Title: Re: 4*4 Sprite Routine Optimization/Help
Post by: Runer112 on May 06, 2011, 01:17:34 am

Sorry it took me so long to get together a routine, but I was busy with some other stuff. My routine is in the style of Xeda's routine. It reads from a 4-byte sprite and uses overwrite logic, and for the most part mimics her routine. Except it's improved. ;D

7 bytes smaller
~160 cycles faster
Doesn't use any RAM

It also allows for drawing to a buffer besides plotSScreen, although I didn't mention this because hers could easily be modified for this as well. You can also view the routine at http://typewith.me/Zv15SUf9Ve (http://typewith.me/Zv15SUf9Ve). Xeda or anyone else, feel free to grab this routine for your own projects. :)

Code: [Select]

PutSprite4x4:
;———————————————————54 bytes———————————————————;
;ENTRY POINT #1: PutSprite4x4
;—> Draws a 4x4 sprite to plotSScreen, aligned to a 24x16 grid
;INPUTS:    a=row (0-15)    c=column (0-23)    de=sprite
;OUTPUTS:   a=0    bc=12    de=sprite+4    hl=((row+4)*48)+(column/2)+plotSScreen
;FLAGS:     S=0  Z=1  H=0  V=0  N=1  C=column mod 2
;—————————————————~620 cycles——————————————————;
;ENTRY POINT #2: PutSprite4x4_AnyBuf
;—> Draws a 4x4 sprite to the specified buffer, aligned to a 24x16 grid
;INPUTS:    a=row (0-15)    c=column (0-23)    de=sprite    hl=buffer
;OUTPUTS:   a=0    bc=12    de=sprite+4    hl=((row+4)*48)+(column/2)+buffer
;FLAGS:     S=0  Z=1  H=0  V=0  N=1  C=column mod 2
;—————————————————~610 cycles——————————————————;
    ld hl,plotSScreen
PutSprite4x4_AnyBuf:
    push hl
    ld b,a
    add a,a
    add a,b
    add a,a
    add a,a
    ld h,0
    ld l,a
    ld b,h
    add hl,hl
    add hl,hl
    rr c
    rla
    add hl,bc
    pop bc
    add hl,bc
    ld bc,12
    rra
    ld a,4
__PutSprite4x4_Loop:
    push af
    ld a,(hl)
    jr c,__PutSprite4x4_Loop_AlignLeft
    and %00001111
    ld (hl),a
    ld a,(de)
    jr __PutSprite4x4_Loop_AlignEnd
    and %11110000
    ld (hl),a
    ld a,(de)
    rra
    rra
    rra
    rra
__PutSprite4x4_Loop_AlignEnd:
    or (hl)
    ld (hl),a
    add hl,bc
    inc de
    pop af
    dec a
    jr nz,__PutSprite4x4_Loop
    ret

EDIT: Found a way to save 12 more cycles.

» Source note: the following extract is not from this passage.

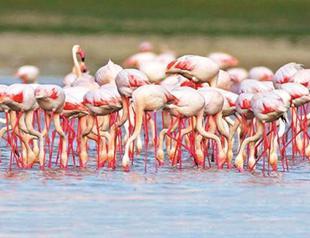 Number of flamingo chicks on rise in İzmir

Title: Re: 4*4 Sprite Routine Optimization/Help
Post by: ralphdspam on May 06, 2011, 01:28:31 am

Ah, looks well optimized! :)

Quote from: Runer112 on May 06, 2011, 01:17:34 am

Xeda or anyone else, feel free to grab this routine for your own projects. :)

Thanks, I will. :)

Title: Re: 4*4 Sprite Routine Optimization/Help
Post by: Xeda112358 on May 06, 2011, 11:06:57 am

Nice :D I am still working on optimising my routines for BatLib, but I have the one that uses 3 bytes for 4x6 sprites. If I find the time to convert it, I will post it, but I don't think I will have the time :/